Of the three centrifuge levers, feed rate is the one most often used and least often understood. It feels like a throughput control — turn it up to process more mud — and it is. But it is also a separation control, because the rate you feed sets how long each particle stays in the pond, and residence time is what decides the finest solid the machine can actually catch. Run the feed too high to “keep up,” and you quietly hand back the fine-solids removal you bought the centrifuge for.
Feed rate is really a residence-time control
A particle is only removed if it has time to settle from the centre of the pond out to the bowl wall before the liquid carries it over the weir. That available time is the residence time, and it falls as feed rate rises — more slurry pushed through the same pond volume means each drop spends less time inside.
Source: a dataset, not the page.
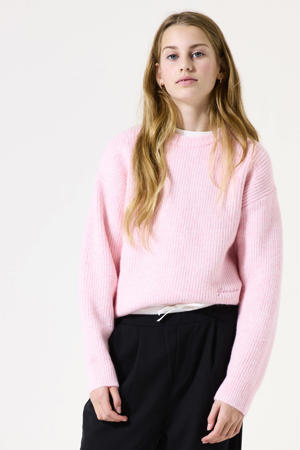 trui roze rib gebreid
- Lower feed rate — longer residence, so smaller particles have time to reach the wall. The machine reaches a finer cut, and because solids are less crowded, the cake also tends to come out drier. The cost is throughput: you process less mud per hour.
- Higher feed rate — shorter residence, so only coarser particles settle in time. The cut goes coarse, fine solids escape over the weir back into the system, and the solids load on the scroll climbs toward overload.
Where the cut is set — and where overload begins
Every decanter has a feed rate at which it makes the cut it was set up for, and a higher rate at which it stops. Between them, performance degrades smoothly: the cut creeps coarser, the liquid carries more fines, the cake gets wetter. Beyond it, the failure is abrupt — the bowl takes in more solids than the scroll can convey, accumulates, and heads for a packed bowl and a torque trip.
| Feed rate | Residence time | Cut point | Result |
|---|---|---|---|
| Low | Long | Finest | Best fines removal, drier cake, low throughput |
| Matched to duty | Adequate | On target | Design separation at rated capacity |
| Too high | Short | Coarse | Fines escape, wet cake, build-up, overload |
Reading it on the rig
Two signs tell you the feed is too high without any lab work: the liquid discharge looks dirty (fines going over the weir that should be in the cake), and scroll torque climbs as solids load builds. Two signs tell you it is too low: very clean liquid but low solids discharge, and a machine that is clearly under-fed for the load it could handle. The right feed sits between — clear liquid, steady torque, a continuous solids discharge — and it shifts as mud weight and solids load change through the well.
Key takeaways
Feed rate controls separation as much as throughput, because it sets residence time and residence time sets the cut. Feed low for the finest cut and driest cake at lower volume; feed high to move more mud at a coarser cut, until residence collapses and the bowl overloads. The target is the feed that holds the cut you need — read off dirty-versus-clean liquid and steady scroll torque — not the highest number the pump can deliver. Rated capacities and target rates are machine- and mud-specific; the relationship between feed, residence and cut is universal.